One constituent who wrote to City Hall last week was pretty sure he knew. He had read an article in this newspaper and expressed great alarm that city leaders would spend money on anything else when the Police Department was, evidently, not properly staffed.
So: Are we to simply spend whatever money we can find on more police, at the expense of other programs and services?
A review of the history is in order. In fiscal year 1990, Baltimore spent $165 million on the Police Department and $37 million on the Recreation and Parks Department. This coming year, we are poised to spend $353 million on Police, while Recreation and Parks is down to $31 million. Over those 20 years, the city's operating budget has gone up 85 percent. The police budget, however, has grown by 113 percent, while Recreation and Parks has shrunk by 15 percent.
In other words, for 20 years, we have been disproportionately allocating our resources in trying to deter and catch criminals while investing less and less in the programs most likely to keep our children from becoming criminals in the first place.

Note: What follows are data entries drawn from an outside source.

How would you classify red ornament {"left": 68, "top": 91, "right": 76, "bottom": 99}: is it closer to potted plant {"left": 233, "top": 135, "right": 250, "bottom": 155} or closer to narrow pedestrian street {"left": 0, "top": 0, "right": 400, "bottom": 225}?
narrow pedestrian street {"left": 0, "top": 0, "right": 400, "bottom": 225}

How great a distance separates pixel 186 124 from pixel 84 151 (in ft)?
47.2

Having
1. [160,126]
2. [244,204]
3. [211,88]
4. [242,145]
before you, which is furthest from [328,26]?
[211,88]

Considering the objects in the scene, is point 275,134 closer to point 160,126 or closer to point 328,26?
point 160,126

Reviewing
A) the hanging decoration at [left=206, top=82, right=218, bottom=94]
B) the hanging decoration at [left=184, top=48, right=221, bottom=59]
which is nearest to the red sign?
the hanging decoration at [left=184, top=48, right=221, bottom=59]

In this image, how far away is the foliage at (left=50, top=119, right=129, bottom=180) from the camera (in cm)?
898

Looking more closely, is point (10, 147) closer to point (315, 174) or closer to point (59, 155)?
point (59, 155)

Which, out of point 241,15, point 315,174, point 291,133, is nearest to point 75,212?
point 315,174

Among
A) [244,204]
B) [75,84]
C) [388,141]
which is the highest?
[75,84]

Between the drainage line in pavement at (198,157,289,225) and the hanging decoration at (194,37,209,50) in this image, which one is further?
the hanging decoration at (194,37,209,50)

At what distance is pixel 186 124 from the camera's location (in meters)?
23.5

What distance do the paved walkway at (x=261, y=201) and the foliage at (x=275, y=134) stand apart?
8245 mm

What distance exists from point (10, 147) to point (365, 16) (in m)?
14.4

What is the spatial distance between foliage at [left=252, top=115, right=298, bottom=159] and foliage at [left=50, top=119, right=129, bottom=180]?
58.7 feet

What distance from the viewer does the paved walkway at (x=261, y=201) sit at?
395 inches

Why? Because elected officials are pretty good at discerning the difference between the things people say are important and what they really believe is important.
I go to a lot of events where children and youth are the main focus. I spend lots of time in rooms with people who talk about the importance of youth and how youth are our future - and who then go home to communities where they and their neighbors look out their windows, see those same youth standing on the corners, and are frightened.

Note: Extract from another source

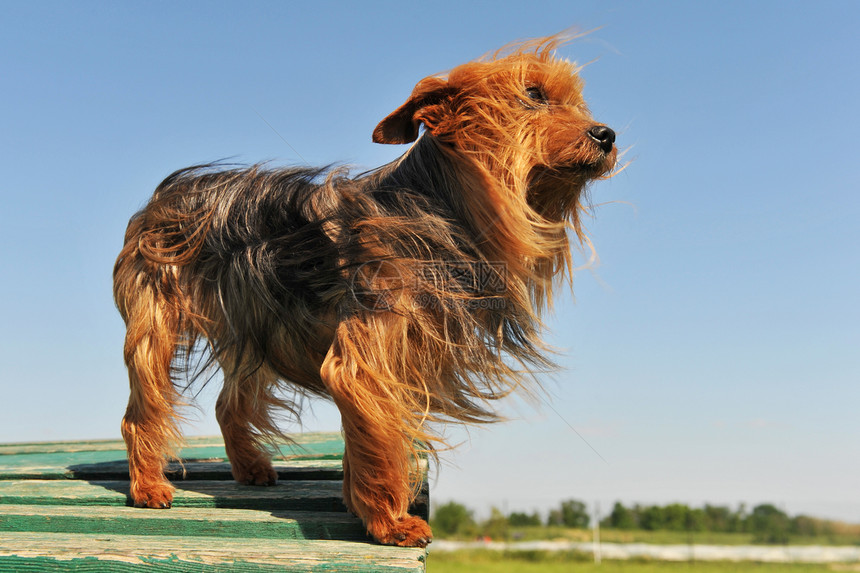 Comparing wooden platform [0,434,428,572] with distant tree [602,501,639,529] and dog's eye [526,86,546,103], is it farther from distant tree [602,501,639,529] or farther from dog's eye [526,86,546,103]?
distant tree [602,501,639,529]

At that point, few call their councilperson asking for more late-night recreation programs in their community. Almost nobody e-mails the mayor demanding that she put more money for after-school programs in her budget. Most simply call the police and tell them to hurry.
Don't get me wrong; I have nothing but respect for the men and women of the Baltimore City Police Department. Anyone who puts on that uniform and runs down dark alleys after a bad guy will always have my unending gratitude and my sincere admiration. At some level though, we're asking Commissioner Frederick H. Bealefeld III and his people to do an impossible job. If we don't also take a real financial interest in the collective raising of the next generation, we will end up with more new criminals than we will ever be able to effectively police.

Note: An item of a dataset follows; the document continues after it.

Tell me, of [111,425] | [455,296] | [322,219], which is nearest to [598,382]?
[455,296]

We've got to stop telling ourselves that all we have to do is put more officers on the streets and everything will be all right. Because it's not that simple.
When I started sharing the historical budget numbers, I was asked if perhaps the recreation budget deserved to be smaller because fewer kids are now using the recreation centers. At first I thought that was just naive, but then I realized it was insightful - and horrifying. There are tens of thousands of young adults out there now who we, the citizens of Baltimore, effectively decided we would "serve" with police over the last 20 years, rather than with recreation or parks. Not including, of course, the three or four thousand who were victims of homicide during that same period - or perhaps, especially including them.
Mayor Dixon has proved she cares about young people by increasing spending on youth more than any other mayor in the last 20 years. If the City Council can help her identify more money that we can invest in youth development activities - such as those in recreation centers, libraries and other after-school programs - I hope that she will recognize such an increase as the wise investment it will be and support it.
Even when times are tough, we have to be willing to spend resources on long-term solutions, or the problems will never go away. Recreation centers, libraries and other after-school programming are the tools city government has available to prevent not just crime but criminals.
Baltimoreans need to recognize that youth development isn't another priority in competition with public safety; it is public safety.